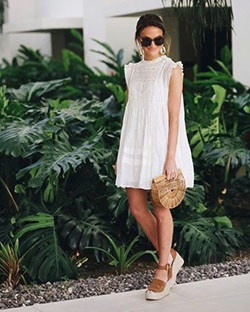 White eyelet babydoll dress, cocktail dress, street fashion, wedding dress, fashion model: Cocktail Dresses,  party outfits,  fashion model,  White Outfit,  Street Style  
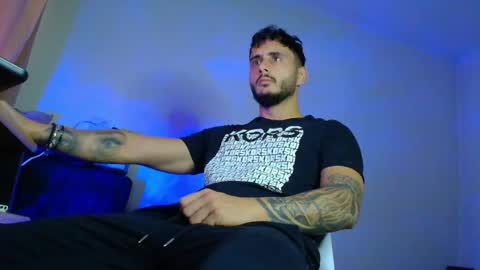 Snapshot of xandercagex chatting on 10.05.25 XanderCageX online show from 10.05.25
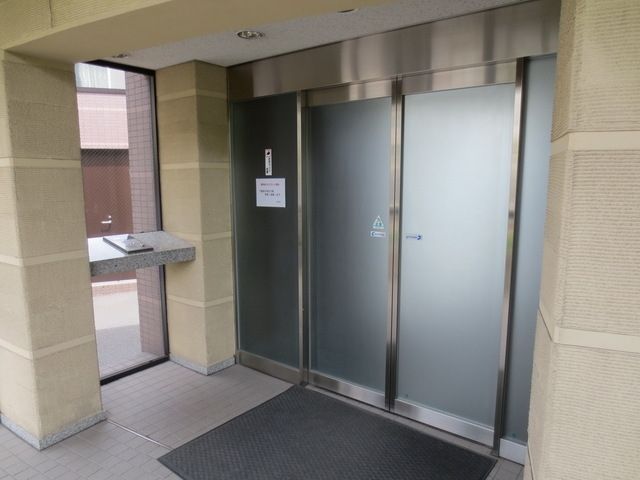 セキュリティ　★安心のオートロック完備★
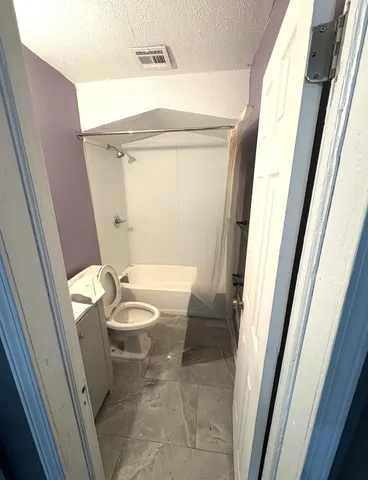 $1,599 | 15714 Novara Street, Detroit, MI 48205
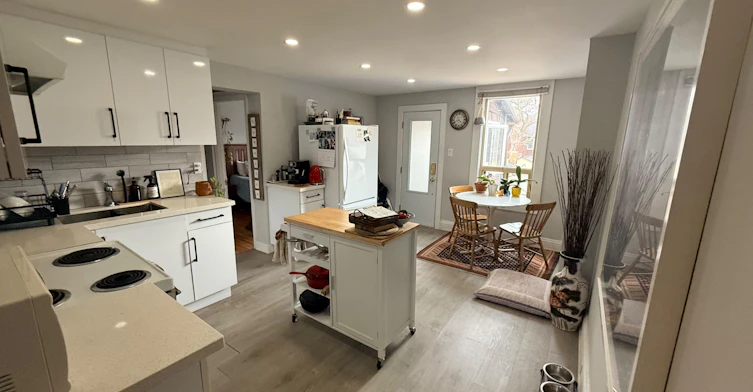 Upper-544 Concord Avenue, Toronto, ON, M6H 2R1 - 3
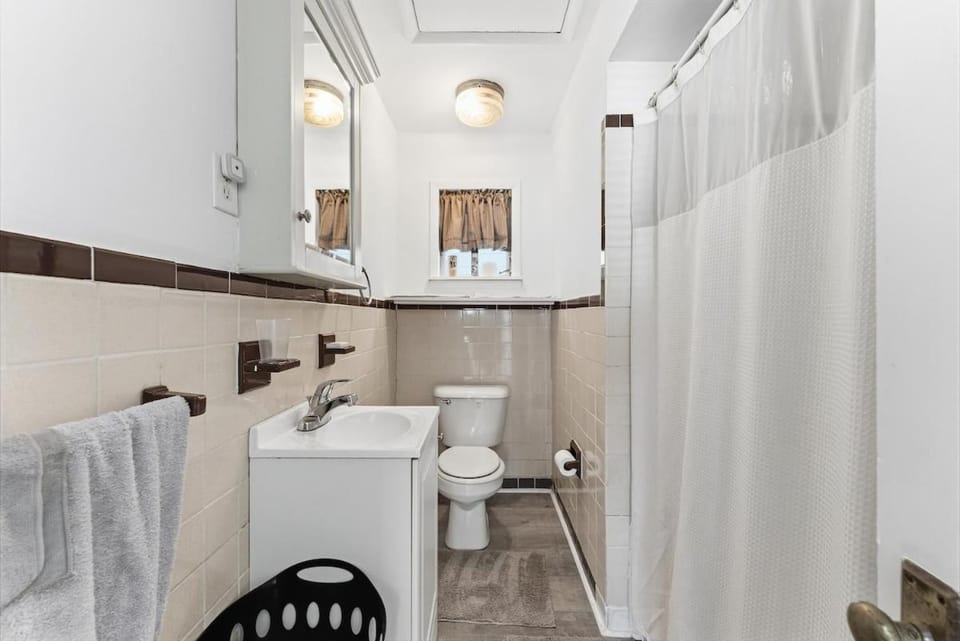 221 W 25Th Ave Back Cottage - 2 Beds, 1 Bath House in Wildwood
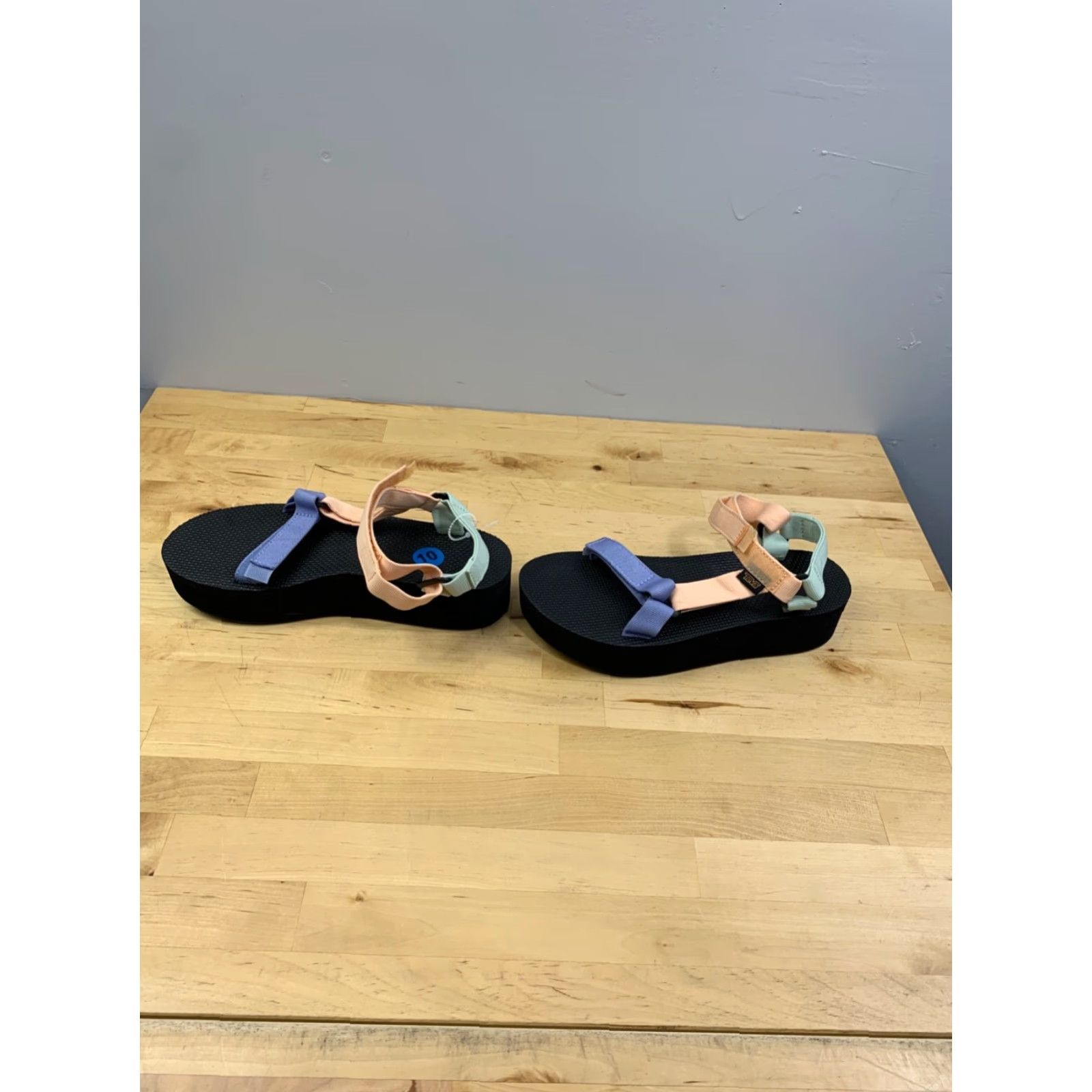 Teva VINTAGE Teva Sandal Women 10 US 41 EU 8 UK 27 Japan Black Teva Flatform Universal Strappy Platform Sandals Size US 8 / IT 38 - 3 Thumbnail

▶ [What this task involves] In copying the material, drop all pictures and keep everything else identical.

▶ [Answer section]
 White eyelet babydoll dress, cocktail dress, street fashion, wedding dress, fashion model: Cocktail Dresses,  party outfits,  fashion model,  White Outfit,  Street Style  
 Snapshot of xandercagex chatting on 10.05.25 XanderCageX online show from 10.05.25
 セキュリティ　★安心のオートロック完備★
 $1,599 | 15714 Novara Street, Detroit, MI 48205
 Upper-544 Concord Avenue, Toronto, ON, M6H 2R1 - 3
 221 W 25Th Ave Back Cottage - 2 Beds, 1 Bath House in Wildwood
 Teva VINTAGE Teva Sandal Women 10 US 41 EU 8 UK 27 Japan Black Teva Flatform Universal Strappy Platform Sandals Size US 8 / IT 38 - 3 Thumbnail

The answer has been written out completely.